Problem statement: Nothing but the lines from the one showing "大阪府 泉佐野市 送料無料" through the final line of the data below belongs in the answer, duplicated exactly and without pictures.

[Web page caption snippets]
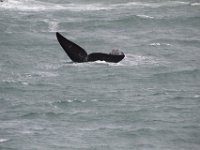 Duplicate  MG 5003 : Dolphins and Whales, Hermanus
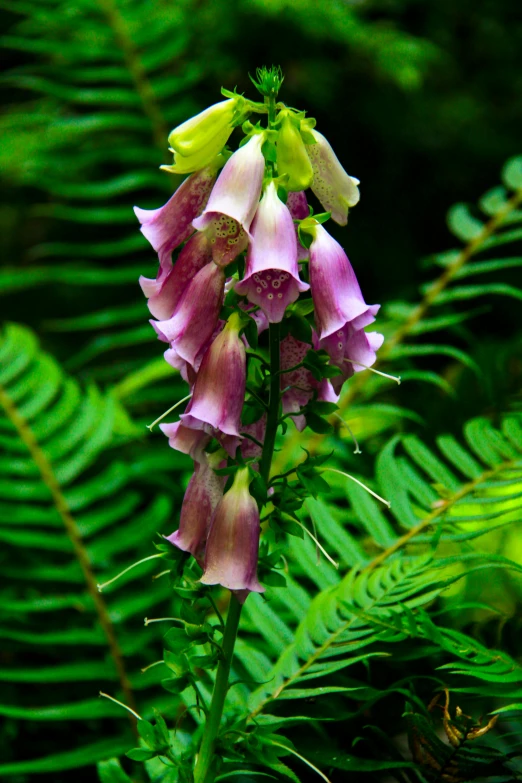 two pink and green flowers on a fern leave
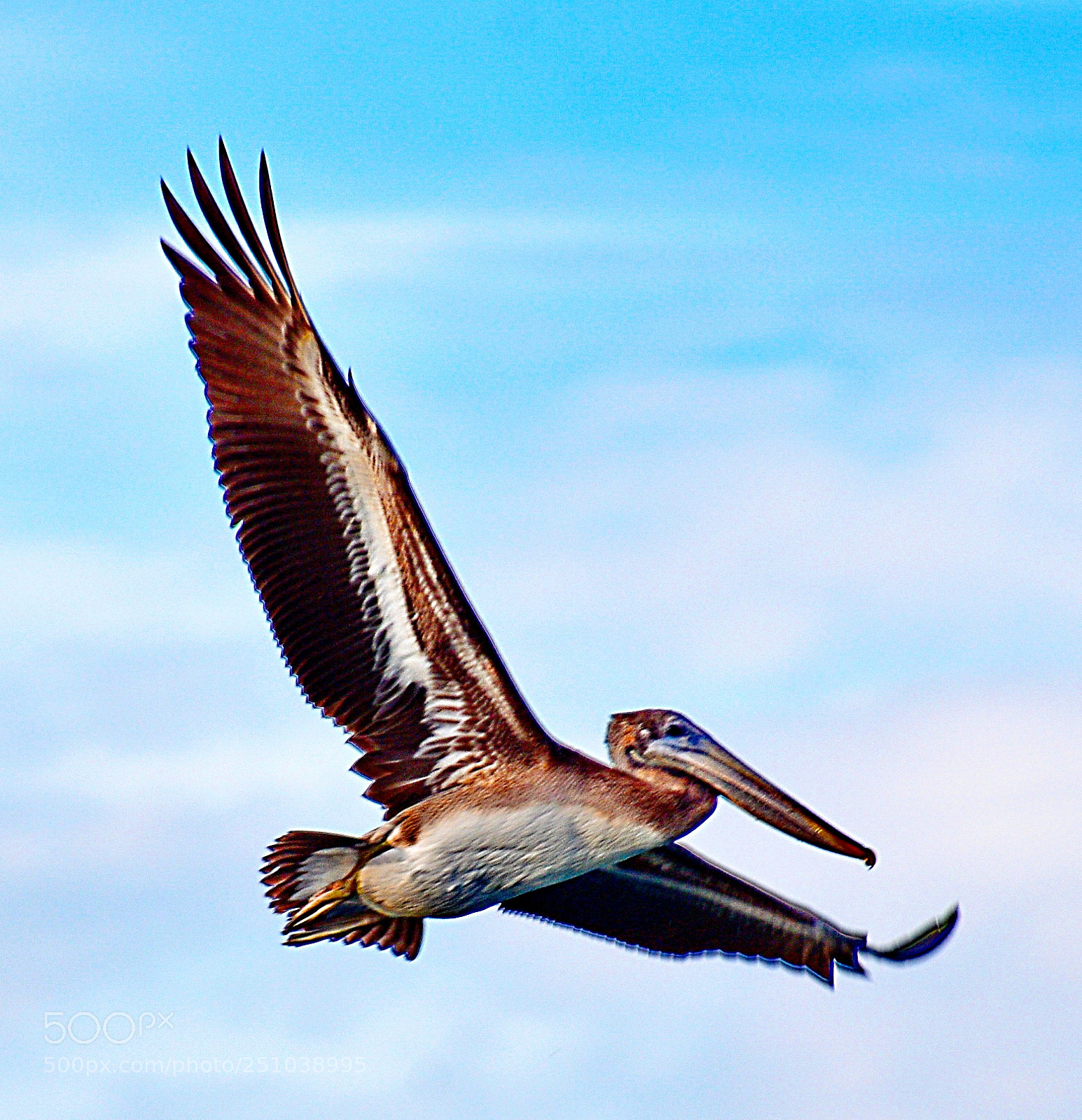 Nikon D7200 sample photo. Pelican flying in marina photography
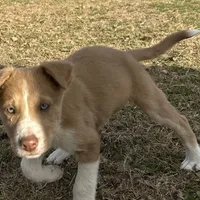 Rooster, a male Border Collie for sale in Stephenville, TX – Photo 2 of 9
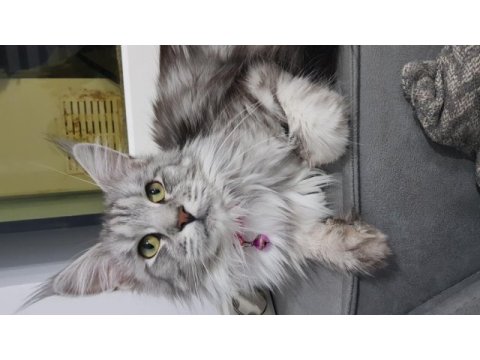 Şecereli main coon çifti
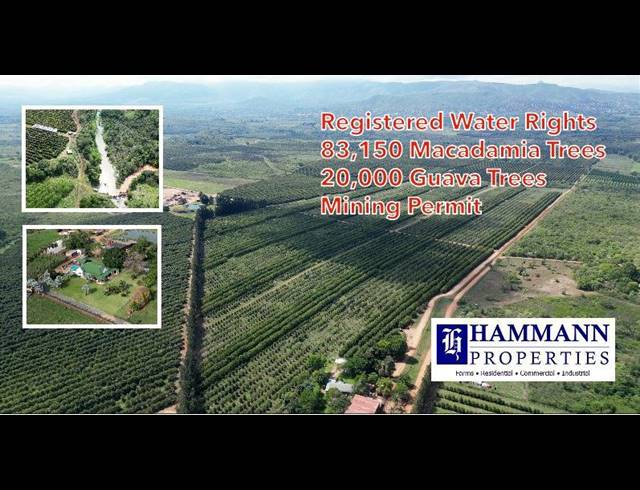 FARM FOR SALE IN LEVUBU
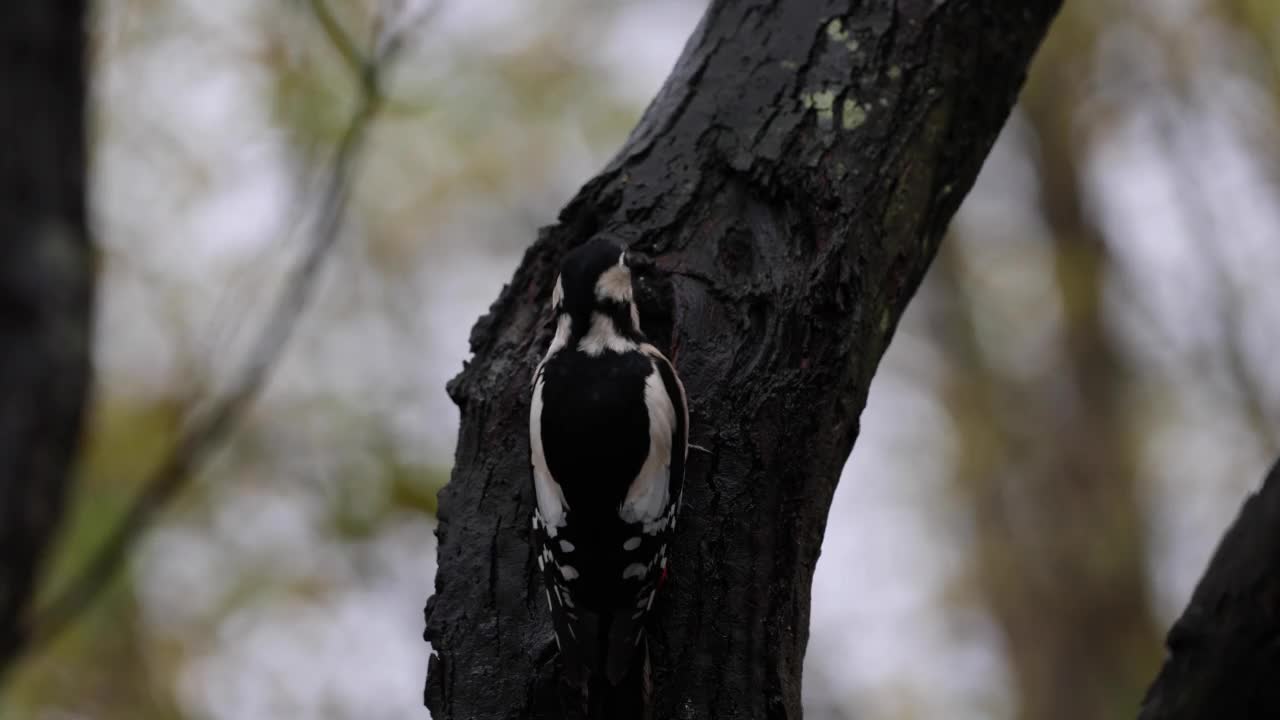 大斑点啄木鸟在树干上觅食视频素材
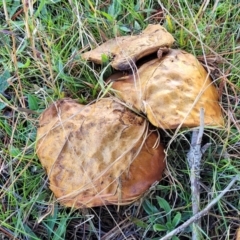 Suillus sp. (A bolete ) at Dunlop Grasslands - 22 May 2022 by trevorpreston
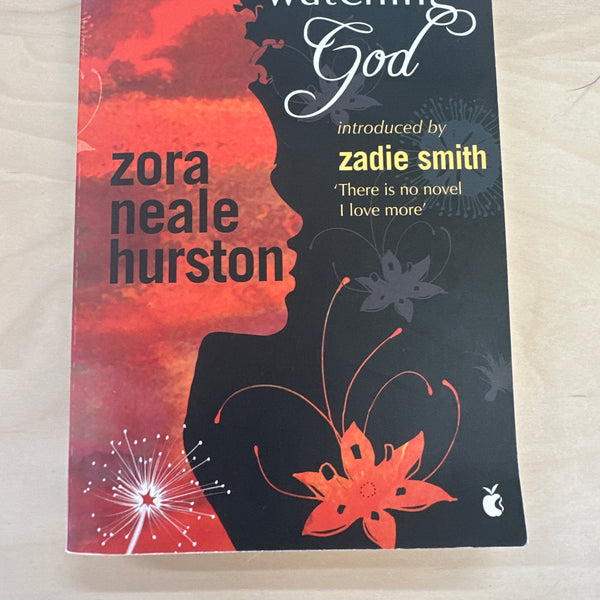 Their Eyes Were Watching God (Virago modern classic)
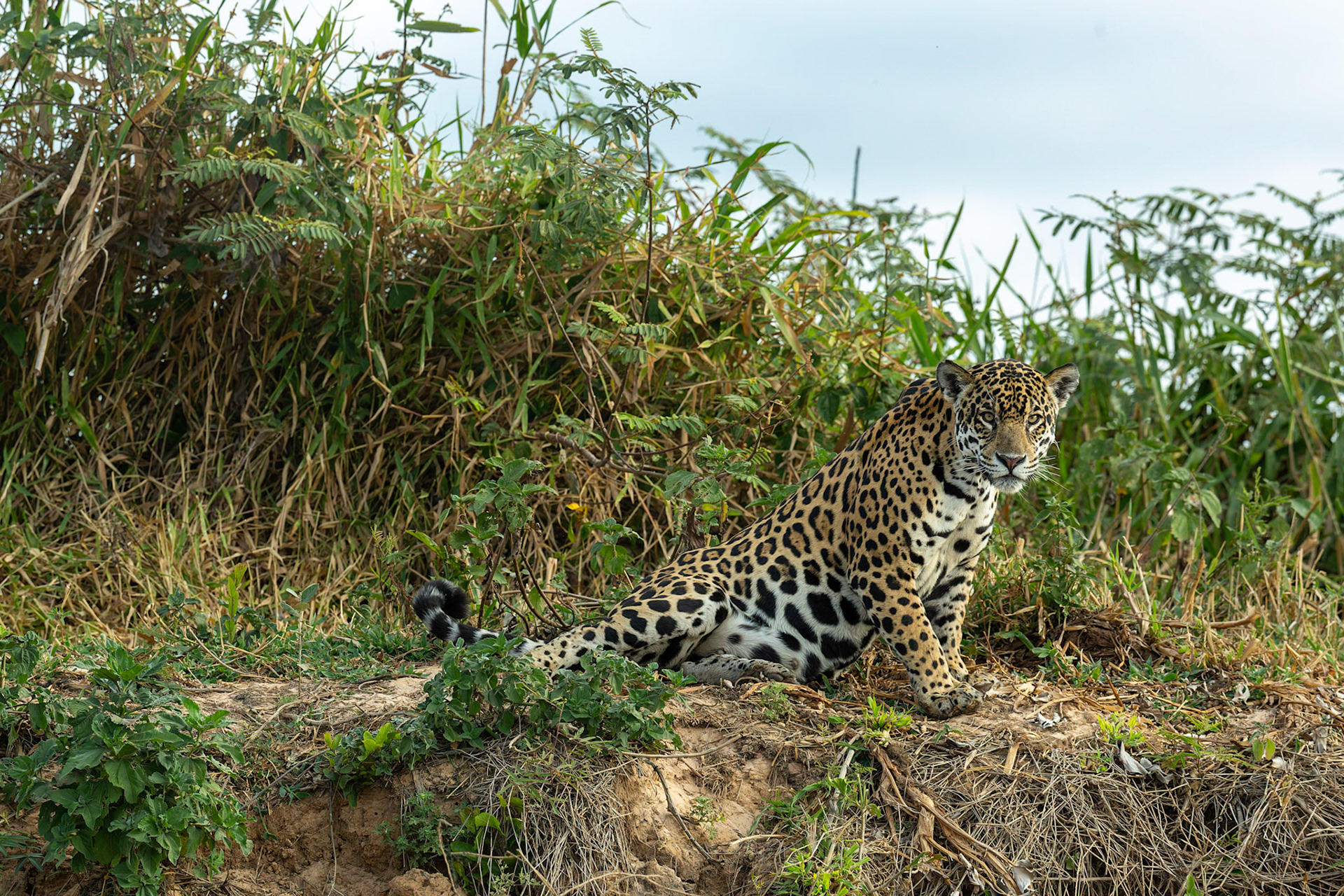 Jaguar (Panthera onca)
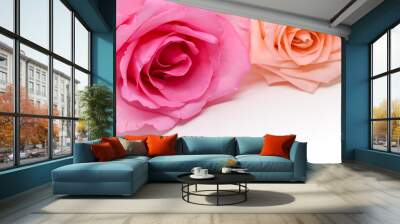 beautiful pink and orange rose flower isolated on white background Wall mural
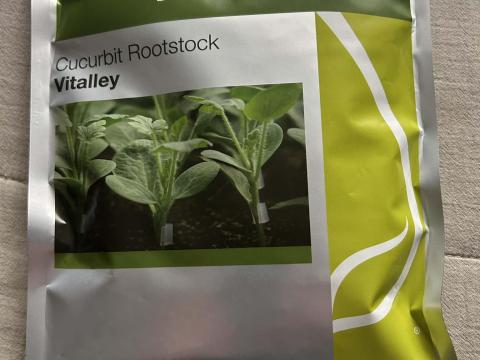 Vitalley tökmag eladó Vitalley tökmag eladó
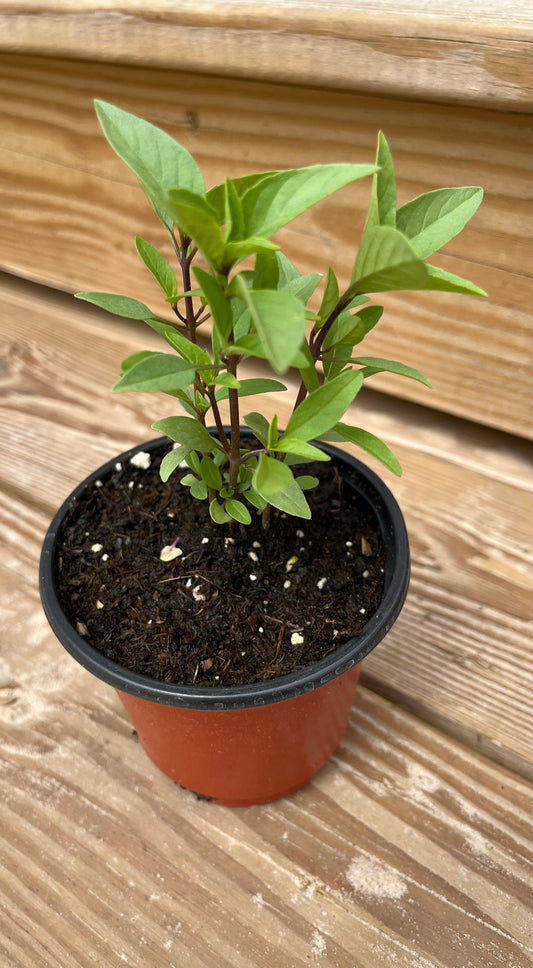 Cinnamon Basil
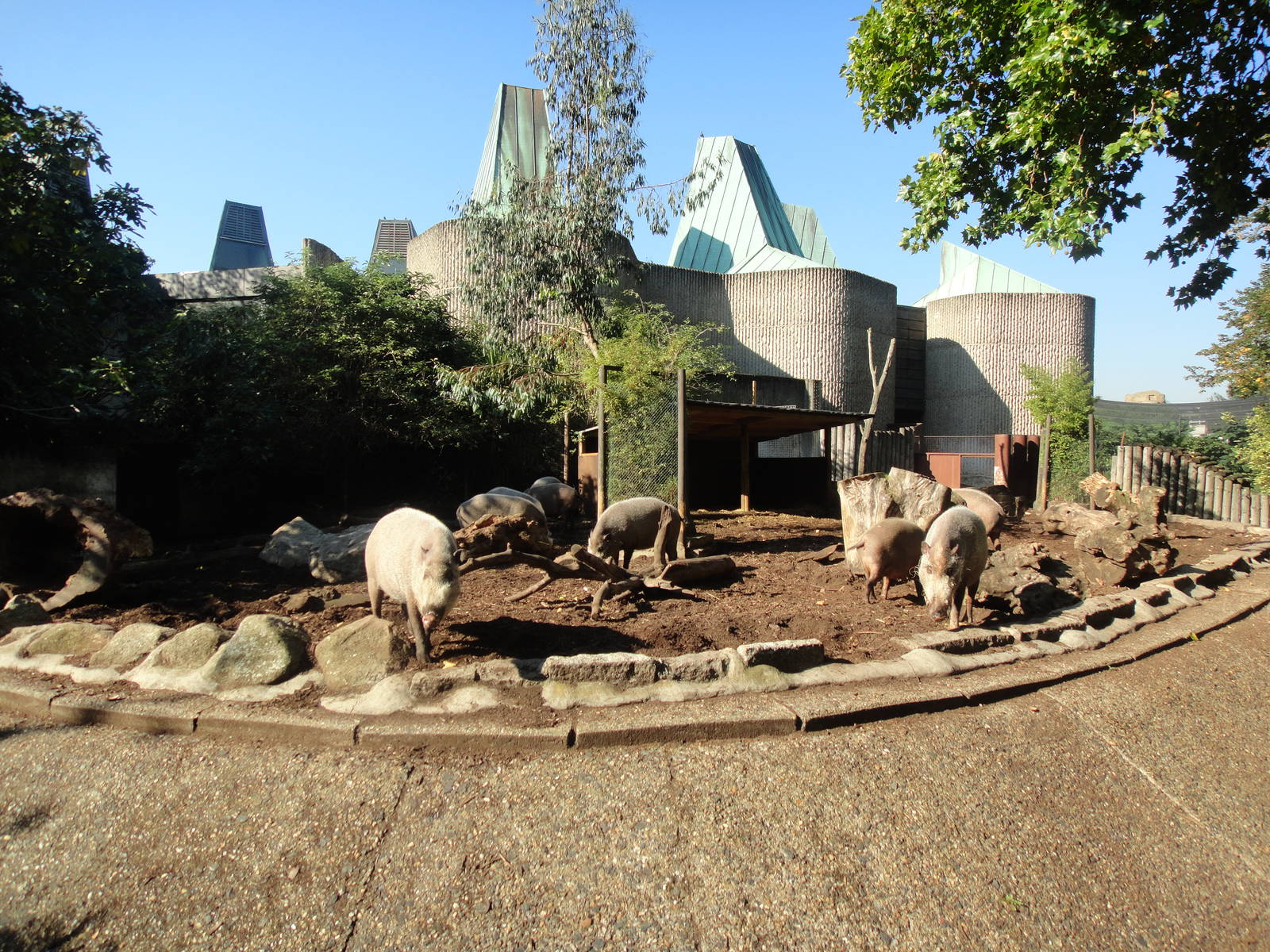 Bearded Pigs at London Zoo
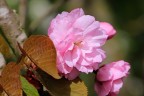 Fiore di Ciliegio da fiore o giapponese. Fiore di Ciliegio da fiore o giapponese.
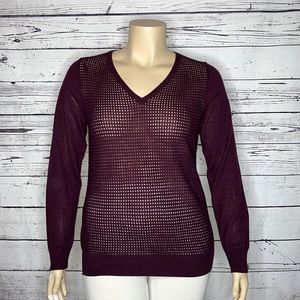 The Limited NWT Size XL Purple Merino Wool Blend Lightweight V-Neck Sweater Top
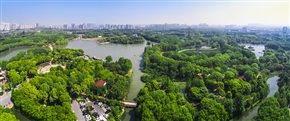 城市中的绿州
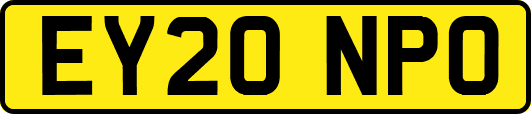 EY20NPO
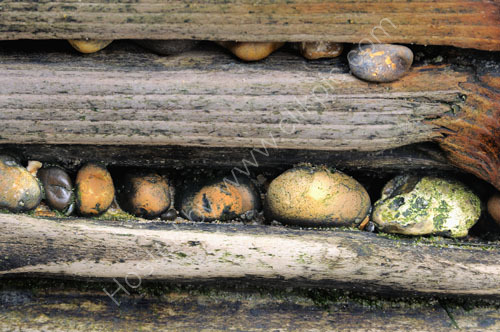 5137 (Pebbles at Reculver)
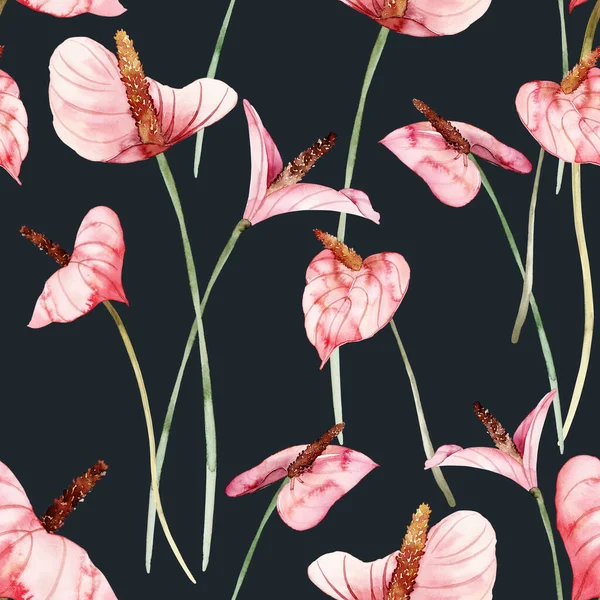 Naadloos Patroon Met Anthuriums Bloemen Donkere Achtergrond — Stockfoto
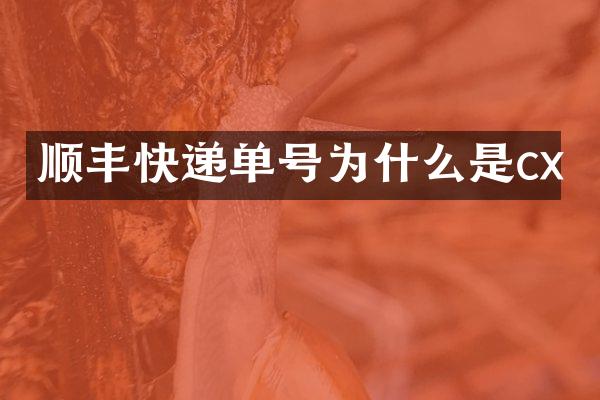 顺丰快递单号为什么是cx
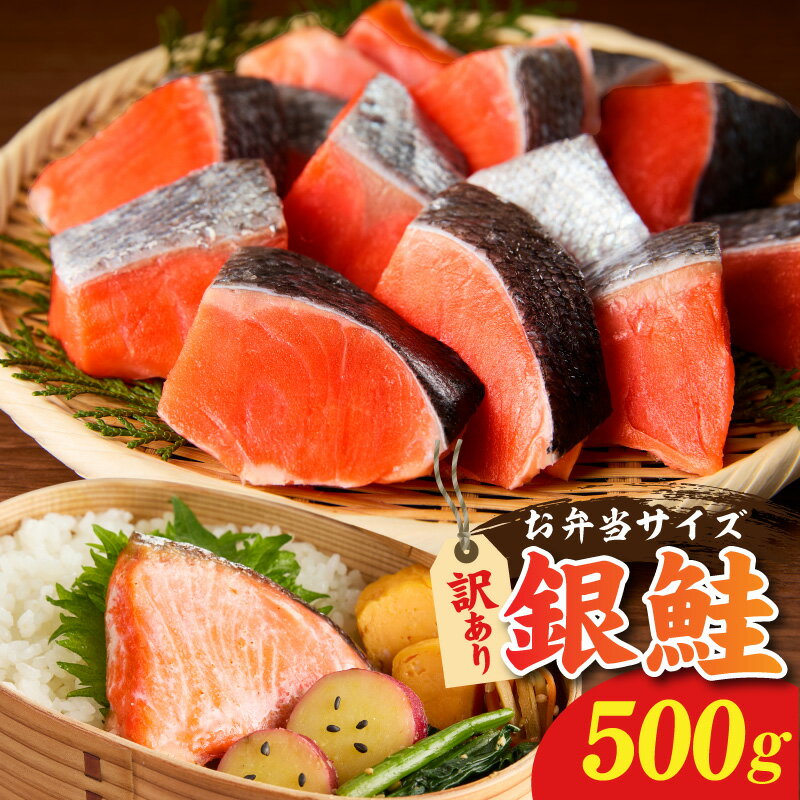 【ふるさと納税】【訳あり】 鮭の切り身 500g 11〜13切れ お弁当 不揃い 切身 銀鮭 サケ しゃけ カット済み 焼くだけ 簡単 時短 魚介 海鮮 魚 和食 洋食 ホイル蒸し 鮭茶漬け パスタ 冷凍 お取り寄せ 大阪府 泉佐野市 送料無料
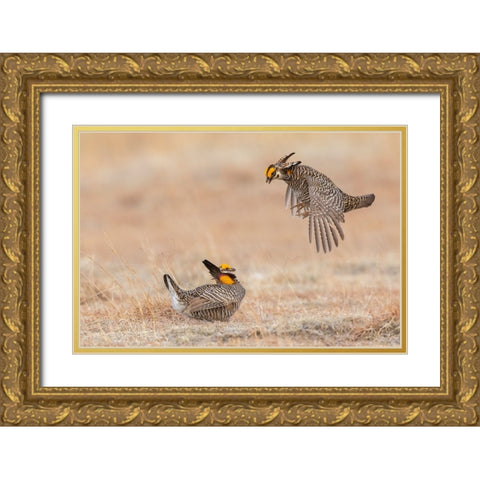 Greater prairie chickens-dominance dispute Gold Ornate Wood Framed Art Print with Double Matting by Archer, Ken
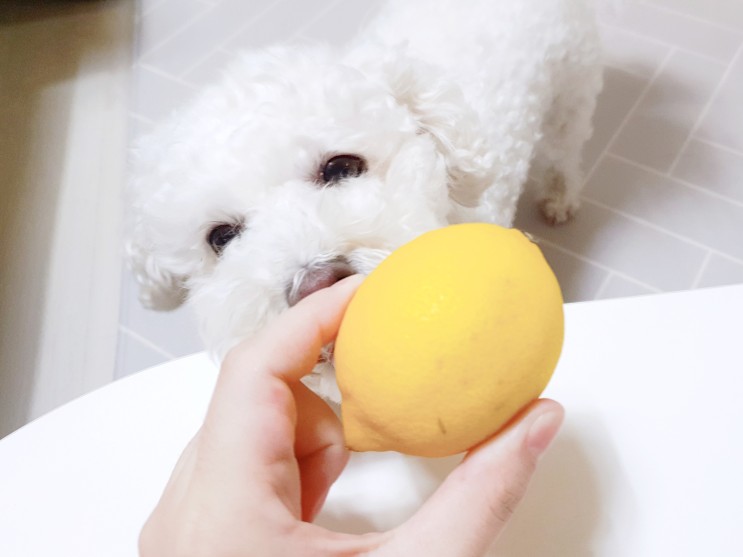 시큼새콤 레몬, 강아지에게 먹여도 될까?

Exercise response:
 【ふるさと納税】【訳あり】 鮭の切り身 500g 11〜13切れ お弁当 不揃い 切身 銀鮭 サケ しゃけ カット済み 焼くだけ 簡単 時短 魚介 海鮮 魚 和食 洋食 ホイル蒸し 鮭茶漬け パスタ 冷凍 お取り寄せ 大阪府 泉佐野市 送料無料
 Greater prairie chickens-dominance dispute Gold Ornate Wood Framed Art Print with Double Matting by Archer, Ken
 시큼새콤 레몬, 강아지에게 먹여도 될까?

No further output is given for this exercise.